Exercise: Please make an exact copy of the lines from the one holding "Pokemon doctor robotnik" through the end of the data, both ends included, with no pictures.

━━━━━ Data block ━━━━━

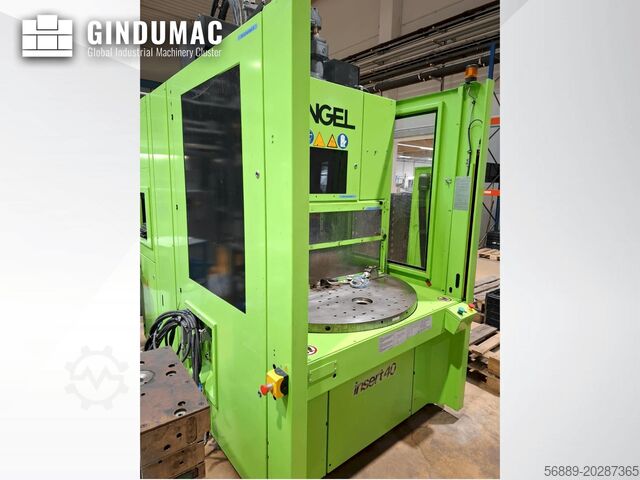 Macchina ad iniezione verticale Engel Insert 80V/40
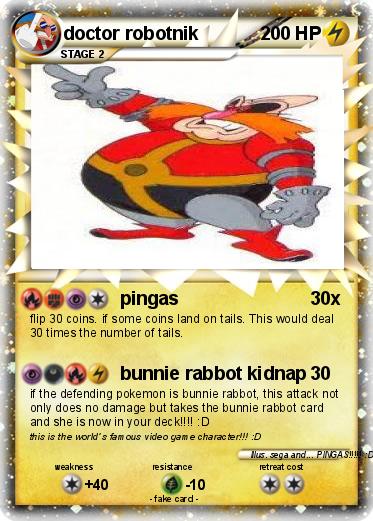 Pokemon doctor robotnik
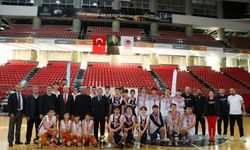 Okullu Yıldız Erkekler Basketbol İl Birinciliği sona erdi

━━━━━

Response:
 Pokemon doctor robotnik
 Okullu Yıldız Erkekler Basketbol İl Birinciliği sona erdi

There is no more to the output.